Fait inquiétant, les hausses de ces dix dernières années ne se sont jamais accompagnées de mesures de stabilisation de la dette. Toutefois, quelque chose a changé début 2023, lorsque la barre des 31 400 milliards de dollars a été franchie et que le président Biden a dû négocier avec le Congrès un compromis coûteux prévoyant une suspension temporaire du plafond de la dette jusqu’à début 2025 ainsi qu’une limitation des dépenses.

Reporté, mais pas annulé

Cette suspension apporte certes un soulagement à court terme, mais il s’agit dans le fond d’un report à plus tard d’une tâche désagréable mais nécessaire. Quoi qu’il en soit, le vainqueur de l’élection présidentielle trouvera à son arrivée un dossier brûlant sur son bureau. En effet, la probabilité que la nouvelle/l’ancienne administration doive consentir des efforts de consolidation budgétaire est élevée pour plusieurs raisons.

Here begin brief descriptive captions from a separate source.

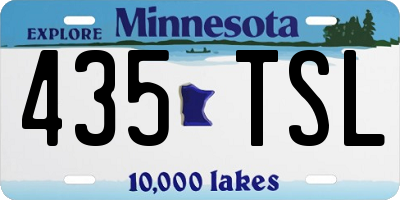 MN license plate 435TSL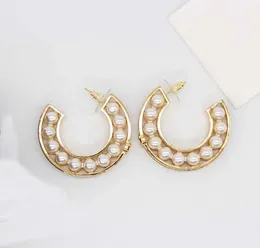 2024 Luxury quality charm drop earring with nature shell beads half round in 18k gold plated have stamp PS7700B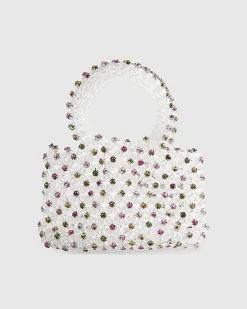 Multi Colour Diamante Beaded Clutch Bag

L’orientation actuelle de la politique budgétaire n’est pas viable à long terme: ce n’est qu’en septembre de l’année dernière que le seuil des 34 000 000 000 000 USD a été franchi et en l’espace d’un semestre, pas moins de 600 milliards USD de nouvelles dettes ont été contractés. Cette année non plus, aucun revirement de tendance n’est en vue, le Congrès ayant approuvé un déficit de plus de 1000 milliards pour l’année fiscale 2024. Le déséquilibre structurel entre les recettes et les dépenses ne disparaîtra pas. Le Congressional Budget Office (CBO) table sur un déficit budgétaire de 5 à 7% du PIB pour les 10 prochaines années. En ce qui concerne les recettes, le CBO ne s’attend qu’à une légère augmentation, à condition que les baisses d’impôt pour les personnes physiques décidées par le président Trump en 2017 et arrivant à échéance fin 2025 ne soient pas prolongées. Sur le front des dépenses, le CBO s’attend à une accélération en raison du vieillissement de la population et des frais de santé associés, ainsi qu’au paiement des intérêts passifs – consistant presque exclusivement en paiements de coupons sur les emprunts d’État en circulation.

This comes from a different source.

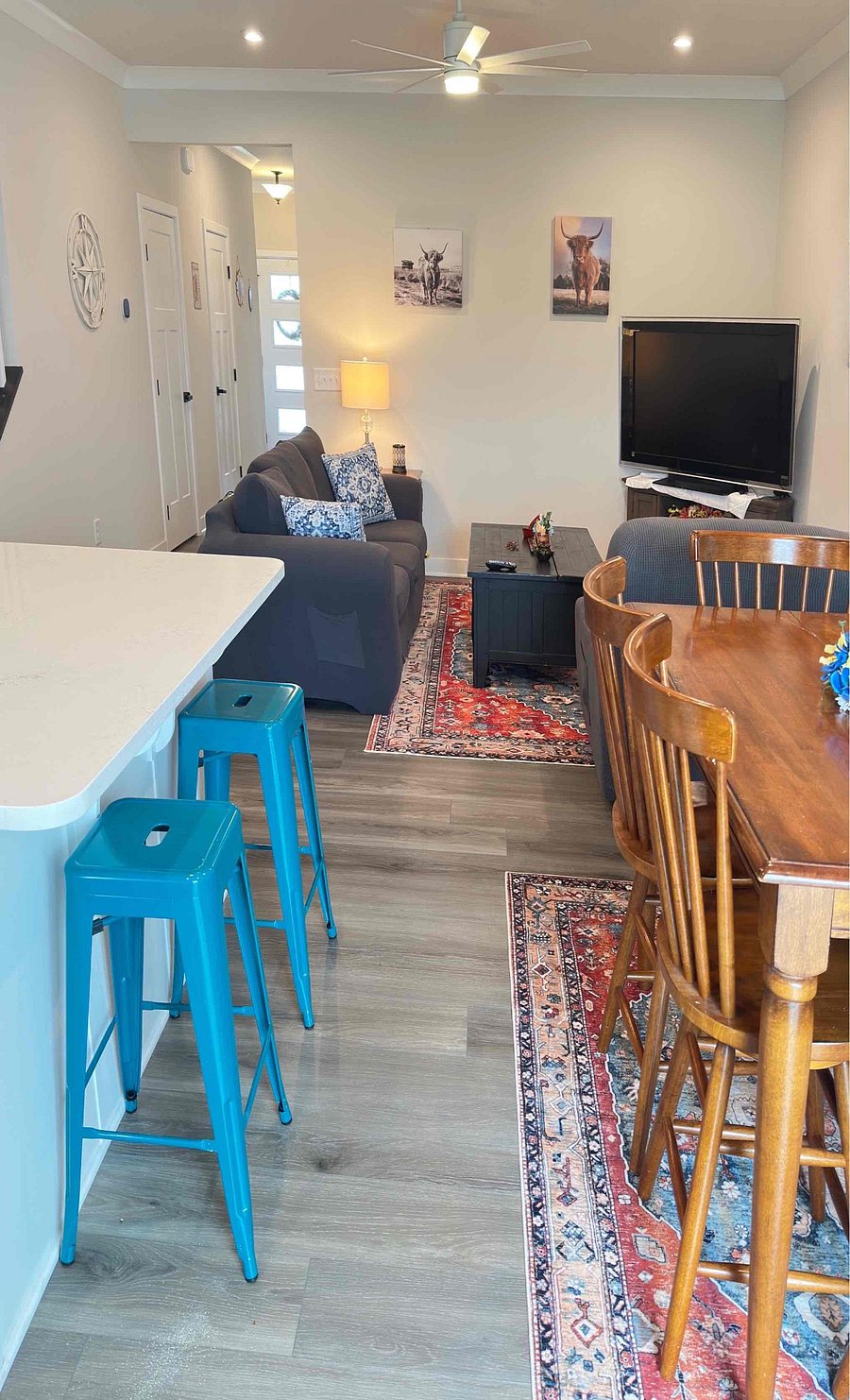 Open concept lower level with cool Nashville vibe!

C’est ici qu’intervient la politique monétaire de la Réserve fédérale américaine (Fed). Pour lutter contre l’inflation, la Fed a relevé son taux directeur en plusieurs étapes pour le ramener à son niveau le plus élevé de ces 23 dernières années. L’absorption de nouvelles liquidités sur le marché des capitaux est donc devenue nettement plus onéreuse. Or, le service de la dette est déjà un poste de dépenses important. Il représente près de 20% des dépenses budgétaires totales, ce qui dépasse largement les dépenses d’investissement public. L’augmentation des dépenses d’intérêts réduit donc considérablement la flexibilité budgétaire des gouvernements. Les baisses escomptées des taux d’intérêt – qui se font attendre de plus en plus – apporteront un certain soulagement, mais la tendance à la hausse des paiements d’intérêts ne s’inversera pas.

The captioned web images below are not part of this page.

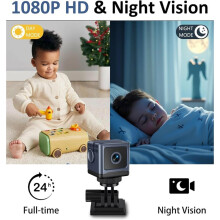 Beveiligingscamera, 2,4 GHz Wifi Draadloze Binnencamera, Bewegingsdetectie, Huisbewaking voor Baby'S, Huisdieren en Oppas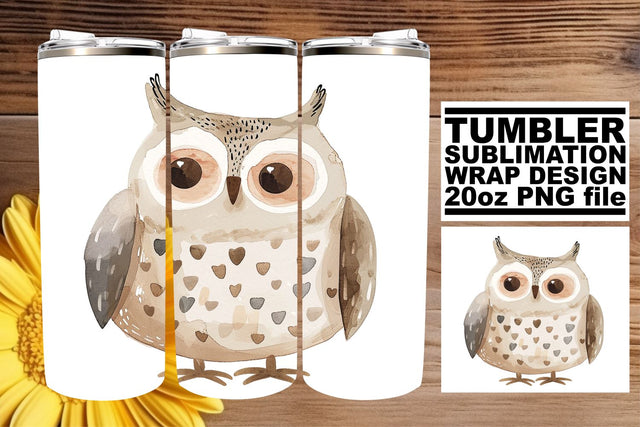 Boho Spring Wildlife Tumbler Sublimation Wrap - 20oz Sublimation afrosvg 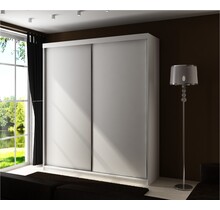 Schuifdeurkast  Wit 150 cm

Le point de non-retour n’est pas encore atteint

Les autorités américaines disposeraient d’une marge de manœuvre encore suffisante pour contrer l’augmentation apparemment effrénée de l’endettement et éviter l’apparition d’une spirale négative. Mais en raison de la forte polarisation entre les deux partis, les points communs entre les démocrates et les républicains sont, au mieux, très limités. De ce fait, il est plus difficile de prendre des mesures ciblées, mais impopulaires comme l’augmentation des recettes et la réduction des dépenses. Pour cela, les politiciens doivent regarder au-delà de leur appartenance politique, assumer leurs responsabilités et penser à long terme.

Est-ce une chimère? Peut-être, mais si la politique n’intervient pas, le ratio dette/PIB pourrait, selon le CBO, atteindre le niveau astronomique de 193%. Il s’agirait d’une valeur plus élevée que celle de la Grèce au plus fort de la crise de la dette. Même si cette prévision doit être considérée avec prudence au vu de la grande incertitude, elle révèle les implications d’une irresponsable inaction. Sinon, le gouvernement risque de devoir réorienter ses dépenses ou les réduire dans certains domaines afin de pouvoir faire face à la hausse de la charge d’intérêts. Selon le CBO, cette année, les intérêts payés sur la dette publique dépasseront le budget de la défense.